Yusuf Can – Haber Yorum
-Jüstinyen; 537-1453 yılları arasındaki belirleyici
-Fatih S. Mehmet; 1453-1934 yılları arasında belirleyici
-Mustafa Kemal;1934-2020 yılları arasında belirleyici
-R.T.Erdoğan; 2020---sonrası için belirleyici
Jüstinyen, otoritesine başkaldırı sayılan Nika Darbesini/Savaşını atlattıktan sonra hayatının amacını “Roma İmparatorluğunu tekrar diriltmek” olduğunu açıklayarak Ayasofya’yı bu hedefin dini merkezi ve sembolü haline getirdi.
Sultan Fatih, İstanbul’un fethiyle birlikte sıfatlarına bir de Kayzer-i Rum ünvanını ekleyerek Ayasofya’yı derhal Camiye dönüştürüp Ortodoks Hristiyanlık Âleminin bu merkezine İslam damgasını vurdu.
Osmanlı’nın ardından kurulan yeni rejimde yani Cumhuriyet döneminde 1934’de Mustafa Kemal attığı bir imza ile Osmanlı’nın ve İslam Dünyasının simgelerinden biri haline gelen Ayasofya’yı MÜZE’ye çevirdi. Bu kararla ilke ve inkılaplarının gideceği yeri de gösteriyordu…
Ayasofya, 916 yıl kilise, 481 yıl cami, 86 yıl da müze olarak kaldı.
Tarihler 10 Temmuz 2020’yi gösterdiğinde Türkiye, Dünyadaki siyasi konjonktürü iyi okuyarak uygun zamanın geldiği düşüncesiyle cesur bir adım atarak 86 yıl önce dönüşümün önemli bir sembolü olarak Müze’ye dönüştürülen Ayasofya’yı tekrar Camiye çevirme kararı aldı.
Bu kararda elbette Sn Erdoğan’ın payı büyüktür.
Ancak bir bütün olarak ele alındığında bu karar; İslami Kesimlerin 86 yıldır verdikleri büyük mücadelenin bir sonucudur dense yeridir.
Gelinen noktada çok önemli bir sonuçla karşı karşıyayız:
40 yıldır “Tam Bağımsız Türkiye!” sloganına sığınarak ülkede laiklik gölgesinde komünizmi/Sekülerizmi yaymaya çalışan SOLCU-KEMALİSTLERİN bu sloganlarının gerçeği yansıtmadığı ortaya çıkmıştır.
Çünkü bu ülke İslami temeller üzerine kurulmuş, halkı Müslüman bir ülkedir.
Müslüman halk bu ülkenin Osmanlı İslam Devletinin bir uzantısı olduğu gerçeğini hiçbir zaman unutmamış ve eski ihtişamlı günlerine dönüşünün ancak ve ancak İslam mirasına sahip çıkmakla mümkün olacağını bilmektedir.

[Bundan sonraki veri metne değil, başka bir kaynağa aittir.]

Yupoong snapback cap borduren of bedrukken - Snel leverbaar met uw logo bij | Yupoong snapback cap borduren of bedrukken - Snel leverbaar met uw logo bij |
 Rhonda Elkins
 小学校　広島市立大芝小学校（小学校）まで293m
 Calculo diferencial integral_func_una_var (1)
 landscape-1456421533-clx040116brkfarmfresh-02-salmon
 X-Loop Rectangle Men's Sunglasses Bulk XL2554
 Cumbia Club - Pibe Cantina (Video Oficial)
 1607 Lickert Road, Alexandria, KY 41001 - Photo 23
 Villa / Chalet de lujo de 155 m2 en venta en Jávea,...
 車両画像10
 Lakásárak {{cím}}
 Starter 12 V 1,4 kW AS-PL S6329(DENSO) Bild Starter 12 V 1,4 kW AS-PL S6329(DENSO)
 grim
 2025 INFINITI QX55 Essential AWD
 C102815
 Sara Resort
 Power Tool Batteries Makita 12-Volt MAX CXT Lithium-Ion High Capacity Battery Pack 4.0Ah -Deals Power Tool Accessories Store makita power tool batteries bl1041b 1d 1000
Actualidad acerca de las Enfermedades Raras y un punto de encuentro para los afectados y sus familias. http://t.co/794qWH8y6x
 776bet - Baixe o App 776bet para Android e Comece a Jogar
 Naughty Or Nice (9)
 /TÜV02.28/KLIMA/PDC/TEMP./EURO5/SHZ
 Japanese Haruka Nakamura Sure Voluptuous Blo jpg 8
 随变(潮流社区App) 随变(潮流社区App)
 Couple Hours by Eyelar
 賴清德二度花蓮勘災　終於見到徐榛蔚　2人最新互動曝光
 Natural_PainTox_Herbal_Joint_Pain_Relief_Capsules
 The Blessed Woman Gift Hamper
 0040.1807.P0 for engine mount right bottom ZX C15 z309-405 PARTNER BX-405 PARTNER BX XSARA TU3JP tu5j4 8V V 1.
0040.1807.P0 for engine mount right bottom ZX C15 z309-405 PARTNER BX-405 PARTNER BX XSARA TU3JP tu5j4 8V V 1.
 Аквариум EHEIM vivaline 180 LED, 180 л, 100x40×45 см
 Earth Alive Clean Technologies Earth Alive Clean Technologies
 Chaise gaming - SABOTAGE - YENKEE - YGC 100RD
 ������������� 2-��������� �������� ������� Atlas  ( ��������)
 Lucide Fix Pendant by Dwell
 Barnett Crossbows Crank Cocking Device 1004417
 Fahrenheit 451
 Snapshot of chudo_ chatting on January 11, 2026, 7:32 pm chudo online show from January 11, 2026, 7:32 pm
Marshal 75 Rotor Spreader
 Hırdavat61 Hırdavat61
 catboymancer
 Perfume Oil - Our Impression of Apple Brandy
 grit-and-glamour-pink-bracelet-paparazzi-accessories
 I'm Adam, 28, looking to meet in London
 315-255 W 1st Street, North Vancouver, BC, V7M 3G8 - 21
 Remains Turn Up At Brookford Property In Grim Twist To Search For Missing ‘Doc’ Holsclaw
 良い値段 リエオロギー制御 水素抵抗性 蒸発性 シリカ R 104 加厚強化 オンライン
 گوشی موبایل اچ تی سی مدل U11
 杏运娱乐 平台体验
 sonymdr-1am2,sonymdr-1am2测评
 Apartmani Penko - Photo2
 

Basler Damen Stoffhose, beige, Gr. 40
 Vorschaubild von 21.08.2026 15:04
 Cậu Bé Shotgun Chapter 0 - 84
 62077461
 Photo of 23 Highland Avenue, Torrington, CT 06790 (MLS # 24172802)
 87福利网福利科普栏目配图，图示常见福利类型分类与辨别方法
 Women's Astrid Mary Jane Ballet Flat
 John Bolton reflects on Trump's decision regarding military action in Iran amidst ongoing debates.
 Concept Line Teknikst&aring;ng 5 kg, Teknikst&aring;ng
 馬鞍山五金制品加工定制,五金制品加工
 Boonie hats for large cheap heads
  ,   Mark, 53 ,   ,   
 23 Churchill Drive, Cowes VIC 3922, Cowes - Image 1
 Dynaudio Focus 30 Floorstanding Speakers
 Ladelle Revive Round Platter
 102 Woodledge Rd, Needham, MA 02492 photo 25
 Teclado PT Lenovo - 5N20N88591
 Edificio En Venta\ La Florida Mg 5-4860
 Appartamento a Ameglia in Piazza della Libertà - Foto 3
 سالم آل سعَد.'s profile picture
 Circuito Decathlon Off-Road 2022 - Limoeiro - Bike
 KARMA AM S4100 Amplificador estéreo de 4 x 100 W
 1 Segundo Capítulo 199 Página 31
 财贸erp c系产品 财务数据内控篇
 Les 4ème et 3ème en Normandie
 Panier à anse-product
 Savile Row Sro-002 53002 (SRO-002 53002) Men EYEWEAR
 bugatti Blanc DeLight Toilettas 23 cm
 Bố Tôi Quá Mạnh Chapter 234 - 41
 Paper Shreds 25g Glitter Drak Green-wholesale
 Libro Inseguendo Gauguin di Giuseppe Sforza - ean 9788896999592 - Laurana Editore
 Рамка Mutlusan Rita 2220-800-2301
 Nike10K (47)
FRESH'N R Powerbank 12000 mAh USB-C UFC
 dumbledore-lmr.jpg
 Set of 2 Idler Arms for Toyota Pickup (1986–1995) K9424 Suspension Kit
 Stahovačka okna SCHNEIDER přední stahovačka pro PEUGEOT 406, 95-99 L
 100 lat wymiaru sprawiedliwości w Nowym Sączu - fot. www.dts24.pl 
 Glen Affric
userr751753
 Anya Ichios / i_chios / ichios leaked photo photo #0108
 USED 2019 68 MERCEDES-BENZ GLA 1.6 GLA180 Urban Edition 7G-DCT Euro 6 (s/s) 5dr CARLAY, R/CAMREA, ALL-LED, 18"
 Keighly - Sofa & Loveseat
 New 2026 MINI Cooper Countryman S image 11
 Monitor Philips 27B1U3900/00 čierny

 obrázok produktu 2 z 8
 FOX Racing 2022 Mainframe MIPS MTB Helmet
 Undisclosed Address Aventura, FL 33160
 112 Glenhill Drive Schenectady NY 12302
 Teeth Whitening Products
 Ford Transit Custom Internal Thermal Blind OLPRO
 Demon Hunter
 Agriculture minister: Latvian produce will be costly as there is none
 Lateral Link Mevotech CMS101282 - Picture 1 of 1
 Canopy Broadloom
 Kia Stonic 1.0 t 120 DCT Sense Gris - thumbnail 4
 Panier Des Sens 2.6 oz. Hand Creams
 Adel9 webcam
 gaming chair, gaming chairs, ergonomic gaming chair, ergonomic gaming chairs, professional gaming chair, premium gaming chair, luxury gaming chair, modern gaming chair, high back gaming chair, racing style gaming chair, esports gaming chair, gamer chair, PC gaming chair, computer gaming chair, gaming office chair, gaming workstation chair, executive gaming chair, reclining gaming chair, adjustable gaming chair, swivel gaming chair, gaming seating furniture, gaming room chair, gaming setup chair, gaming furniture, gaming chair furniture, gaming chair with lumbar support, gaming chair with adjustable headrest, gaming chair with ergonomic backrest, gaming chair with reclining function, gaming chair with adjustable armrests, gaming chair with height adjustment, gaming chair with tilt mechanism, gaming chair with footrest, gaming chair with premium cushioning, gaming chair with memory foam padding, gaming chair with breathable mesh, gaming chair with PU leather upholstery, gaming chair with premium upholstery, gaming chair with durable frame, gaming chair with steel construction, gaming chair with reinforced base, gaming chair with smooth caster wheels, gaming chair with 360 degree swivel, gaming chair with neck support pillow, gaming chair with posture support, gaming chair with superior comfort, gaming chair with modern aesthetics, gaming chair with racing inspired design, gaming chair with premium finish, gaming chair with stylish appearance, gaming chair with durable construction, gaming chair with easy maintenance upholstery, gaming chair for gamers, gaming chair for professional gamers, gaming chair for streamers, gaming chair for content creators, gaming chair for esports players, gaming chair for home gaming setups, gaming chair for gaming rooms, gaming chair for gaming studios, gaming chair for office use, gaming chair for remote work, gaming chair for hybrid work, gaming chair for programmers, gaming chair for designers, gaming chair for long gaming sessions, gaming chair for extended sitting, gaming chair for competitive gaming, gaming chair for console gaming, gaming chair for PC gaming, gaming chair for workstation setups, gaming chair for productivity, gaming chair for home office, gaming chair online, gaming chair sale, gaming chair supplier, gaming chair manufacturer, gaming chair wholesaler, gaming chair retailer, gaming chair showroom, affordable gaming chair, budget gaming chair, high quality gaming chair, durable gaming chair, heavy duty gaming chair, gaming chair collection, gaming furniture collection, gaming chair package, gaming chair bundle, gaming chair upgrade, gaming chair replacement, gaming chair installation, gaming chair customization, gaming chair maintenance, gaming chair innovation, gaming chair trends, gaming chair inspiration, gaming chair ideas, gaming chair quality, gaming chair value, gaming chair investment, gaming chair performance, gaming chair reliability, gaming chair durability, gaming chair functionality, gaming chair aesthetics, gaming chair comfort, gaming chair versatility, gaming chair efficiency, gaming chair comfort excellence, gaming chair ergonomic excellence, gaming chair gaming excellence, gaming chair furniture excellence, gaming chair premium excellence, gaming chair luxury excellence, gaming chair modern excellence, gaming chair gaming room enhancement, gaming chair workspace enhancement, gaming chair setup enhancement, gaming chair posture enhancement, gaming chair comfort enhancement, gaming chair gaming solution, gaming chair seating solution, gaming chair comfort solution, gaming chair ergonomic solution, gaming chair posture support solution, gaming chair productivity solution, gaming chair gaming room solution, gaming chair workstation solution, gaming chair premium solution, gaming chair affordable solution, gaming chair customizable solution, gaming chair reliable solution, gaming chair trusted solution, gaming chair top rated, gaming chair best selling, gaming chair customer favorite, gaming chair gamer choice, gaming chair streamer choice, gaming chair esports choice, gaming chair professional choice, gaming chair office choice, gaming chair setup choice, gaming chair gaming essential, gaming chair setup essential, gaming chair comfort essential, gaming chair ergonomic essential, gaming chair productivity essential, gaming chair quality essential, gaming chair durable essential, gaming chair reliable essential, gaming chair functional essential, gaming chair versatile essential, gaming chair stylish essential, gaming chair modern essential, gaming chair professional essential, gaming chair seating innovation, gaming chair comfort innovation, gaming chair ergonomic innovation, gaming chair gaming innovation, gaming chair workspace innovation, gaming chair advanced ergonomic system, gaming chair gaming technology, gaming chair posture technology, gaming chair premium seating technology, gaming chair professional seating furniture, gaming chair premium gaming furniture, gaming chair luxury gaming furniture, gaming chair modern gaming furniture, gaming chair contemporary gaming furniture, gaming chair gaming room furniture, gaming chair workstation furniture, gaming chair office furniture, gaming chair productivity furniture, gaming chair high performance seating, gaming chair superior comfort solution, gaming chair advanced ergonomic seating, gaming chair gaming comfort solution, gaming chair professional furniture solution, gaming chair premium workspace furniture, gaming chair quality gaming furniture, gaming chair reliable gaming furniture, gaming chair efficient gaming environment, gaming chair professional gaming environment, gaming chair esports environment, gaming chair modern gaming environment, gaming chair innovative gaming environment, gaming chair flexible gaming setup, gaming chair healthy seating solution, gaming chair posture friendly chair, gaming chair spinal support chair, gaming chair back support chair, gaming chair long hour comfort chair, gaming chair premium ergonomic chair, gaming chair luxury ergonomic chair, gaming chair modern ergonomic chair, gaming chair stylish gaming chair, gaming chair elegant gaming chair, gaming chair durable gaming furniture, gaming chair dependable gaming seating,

Bundan dolayı İslami Kesimler Ayasofya’nın aslına dönüştürülmesi konusunu Türkiye’ye ve İslam Alemine zorla dayatılan tüm anlaşmalara yeni bir format atılması demek olduğunu düşünerek hareket ettiler.
Ayasofya kararı, İslam Dünyası ile Batı Dünyası arasındaki çekişmenin bayrağıdır sembolüdür…
Nihayette tüm dünyada da aynen bu şekilde anlaşıldığı için İslam Dünyasında bu açılış bir UMUT olurken Batı Dünyasında bu açılış bir YEİS oldu. Elhamdulillah!
Cuma Namazı vaktinde Fas’tan Endonezya’ya tüm Müslümanların bu açılışa kilitlenmeleri boşuna değildir elbet! Yine Batılı başkentlerin üst üste “Açmayın!” diyerek aba altından sopa göstermeleri de boşuna değildir.
İslami Kesimler 15 Temmuz’da gösterdikleri gibi bir kez daha ispatladılar ki; Bu ülkenin tam bağımsızlığını isteyenler Müslümanlardır, bu ülkeyi tam bağımsız yapacaksa ancak Müslümanlar yapar.